On 14 September 1814, in the dawn’s early light, US troops stationed at Fort McHenry in Baltimore harbour hoisted their nation’s flag. They did this every morning, as the bugler sounded reveille. At this particular sunrise, though, their routine chore had greater resonance.
For the previous 24 hours, Fort McHenry had been clobbered by the rockets and mortars of a Royal Navy fleet that had sailed up Chesapeake Bay. But it had stood and the flag was the US soldiers’ way of letting the British sailors know. Another witness, Maryland lawyer Francis Scott Key, was moved to verse. His poem and Fort McHenry’s flag would both become known as the star-spangled banner. Americans might therefore have reason to take their flag more seriously than most. And they do.

In October of this year, when the US president, Donald Trump, was due in the UK for a state visit, the 66 star-spangled banners that were to be unfurled on the Mall in London and at Windsor Castle were rejected by the US embassy, which was unhappy with the precise shade of red amid the white and blue. New flags were commissioned at a cost of £52,800 (€60,000).
It might seem like a strange time to make the case that there’s something to be learnt from the US’s affection for its flag. To be clear, we’re talking about the easygoing pride expressed in banners hung from small town porches, not the slobbering flag-fondling regularly perpetrated by the kind of ostentatious patriots more likely to make any decent citizen want to burn a flag than salute it. In 2025, the banner of one of the UK’s constituent nations – the red-on-white St George’s Cross of England – became the subject of a culture war version of Capture the Flag.
In towns across England, St George’s Crosses were hung and spray-painted by that variety of conservative nationalist who would rather conduct this sort of performance than do anything to materially improve their society. The UK’s centre-left government was compelled to contortions, as its senior ministers all but claimed that their home decor was exclusively comprised of the St George’s Cross and Union Flag and that they enjoyed nothing more than sitting down with the family to stare at either or both.
Neither of these is quite the way to go about it. In peacetime, at least, a flag should not be flown in any spirit of vengeance or triumph. Nor should a flag be worshipped or protected. And it should never be compulsory to wave one. A flag should be flown freely; an expression of happiness with and gratitude for the best of the country that it represents. Nevertheless, even the most secular societies contrive to impute something approaching sanctity to these patterned pieces of cloth.

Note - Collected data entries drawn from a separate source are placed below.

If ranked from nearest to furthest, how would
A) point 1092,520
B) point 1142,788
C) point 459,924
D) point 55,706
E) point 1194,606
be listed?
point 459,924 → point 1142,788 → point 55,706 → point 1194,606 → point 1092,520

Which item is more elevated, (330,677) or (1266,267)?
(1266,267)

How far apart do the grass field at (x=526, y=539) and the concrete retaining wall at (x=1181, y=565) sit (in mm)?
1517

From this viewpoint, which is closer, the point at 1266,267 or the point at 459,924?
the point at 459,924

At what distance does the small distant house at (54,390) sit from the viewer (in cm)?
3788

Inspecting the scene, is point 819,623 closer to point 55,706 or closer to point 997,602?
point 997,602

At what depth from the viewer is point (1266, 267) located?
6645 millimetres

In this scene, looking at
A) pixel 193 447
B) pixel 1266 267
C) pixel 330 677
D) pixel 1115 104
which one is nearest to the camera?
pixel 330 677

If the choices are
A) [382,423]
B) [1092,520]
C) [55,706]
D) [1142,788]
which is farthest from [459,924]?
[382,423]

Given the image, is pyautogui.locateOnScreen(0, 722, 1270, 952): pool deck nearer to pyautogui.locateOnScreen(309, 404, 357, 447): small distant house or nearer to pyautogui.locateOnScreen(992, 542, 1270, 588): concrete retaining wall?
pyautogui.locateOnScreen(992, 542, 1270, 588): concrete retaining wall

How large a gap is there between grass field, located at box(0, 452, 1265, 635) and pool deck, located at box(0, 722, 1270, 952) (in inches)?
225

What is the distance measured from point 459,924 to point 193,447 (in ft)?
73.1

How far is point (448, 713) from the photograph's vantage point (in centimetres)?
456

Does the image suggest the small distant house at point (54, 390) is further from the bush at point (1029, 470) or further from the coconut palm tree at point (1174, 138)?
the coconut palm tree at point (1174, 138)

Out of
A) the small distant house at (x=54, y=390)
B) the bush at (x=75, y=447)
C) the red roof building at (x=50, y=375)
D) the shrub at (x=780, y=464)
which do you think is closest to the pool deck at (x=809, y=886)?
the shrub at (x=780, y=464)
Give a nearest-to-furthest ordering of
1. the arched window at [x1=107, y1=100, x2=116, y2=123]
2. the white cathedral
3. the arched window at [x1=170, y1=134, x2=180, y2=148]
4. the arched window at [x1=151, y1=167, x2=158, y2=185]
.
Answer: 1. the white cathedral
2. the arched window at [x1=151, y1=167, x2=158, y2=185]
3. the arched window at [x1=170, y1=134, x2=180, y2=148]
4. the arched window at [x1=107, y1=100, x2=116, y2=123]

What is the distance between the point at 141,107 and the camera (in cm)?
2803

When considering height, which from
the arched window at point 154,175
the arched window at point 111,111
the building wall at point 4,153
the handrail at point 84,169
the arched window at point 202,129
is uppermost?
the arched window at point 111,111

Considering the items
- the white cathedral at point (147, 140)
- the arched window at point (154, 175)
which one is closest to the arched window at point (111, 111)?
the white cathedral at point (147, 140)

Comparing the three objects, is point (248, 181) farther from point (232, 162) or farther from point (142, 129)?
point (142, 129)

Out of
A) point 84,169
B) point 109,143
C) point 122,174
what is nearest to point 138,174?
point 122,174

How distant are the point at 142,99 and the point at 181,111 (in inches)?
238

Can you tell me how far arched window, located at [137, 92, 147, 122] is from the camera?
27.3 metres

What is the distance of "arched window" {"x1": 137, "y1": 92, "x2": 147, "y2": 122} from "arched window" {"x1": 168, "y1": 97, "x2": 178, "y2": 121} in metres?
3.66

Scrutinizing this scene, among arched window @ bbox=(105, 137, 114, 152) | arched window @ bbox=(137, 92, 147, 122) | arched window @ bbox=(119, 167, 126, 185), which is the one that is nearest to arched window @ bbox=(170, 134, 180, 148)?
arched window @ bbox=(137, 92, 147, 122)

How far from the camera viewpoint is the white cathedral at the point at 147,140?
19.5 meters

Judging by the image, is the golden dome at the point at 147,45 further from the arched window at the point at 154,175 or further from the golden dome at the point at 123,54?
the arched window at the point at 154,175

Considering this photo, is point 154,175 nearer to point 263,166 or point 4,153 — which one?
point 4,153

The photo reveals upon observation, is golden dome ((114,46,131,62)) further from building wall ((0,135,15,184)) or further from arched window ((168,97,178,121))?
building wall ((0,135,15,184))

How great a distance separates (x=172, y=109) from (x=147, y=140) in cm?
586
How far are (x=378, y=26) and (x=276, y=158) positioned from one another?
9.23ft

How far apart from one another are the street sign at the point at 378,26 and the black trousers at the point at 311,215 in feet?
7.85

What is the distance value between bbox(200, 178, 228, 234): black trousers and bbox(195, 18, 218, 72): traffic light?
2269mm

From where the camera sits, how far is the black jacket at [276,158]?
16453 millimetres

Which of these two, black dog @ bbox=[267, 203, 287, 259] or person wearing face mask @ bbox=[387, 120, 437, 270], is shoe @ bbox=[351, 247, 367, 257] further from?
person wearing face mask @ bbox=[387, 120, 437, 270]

In November 2021, there was moderate uproar when the French president, Emmanuel Macron, switched the blue of Le Tricolore to a somewhat darker shade. People who recalled that the lighter blue was the preference of Europhile former president Valéry Giscard d’Estaing – who changed it in the 1970s to match the EU flag – wondered if his successor was signalling a rift with Brussels or attempting subliminal outreach to nostalgists and nationalists. The response from Macron’s office was “nonsense”; the president stated that he merely preferred the navy blue and its connections to French history.
Flags are not set in stone (they wouldn’t flap, for one thing). Their designs change: the original star-spangled banner had only 15 silver stars on its blue canton. And the meaning that we impose upon them evolves and/or is in the eye of the beholder – or, indeed, burner.
Syria is the most recent country to run up a new standard, or at least to revive an old one. The fall of the Assad regime was marked by hauling down the red, white and black-striped Ba’athist banner with two green stars and replacing it with a variation on the green, white and black-striped flag with three red stars, which heralded Syria’s first flush of independence in the 1930s. It was an important moment, symbolising a fresh start and a return to principles. But, as with anything vexillological, it was essentially a cosmetic gesture. Any flag, like any nation, is an eternal work in progress.
Comment
Modern flags are not symbols of exclusion and aggression; they should be unfurled in a spirit of joy not anger.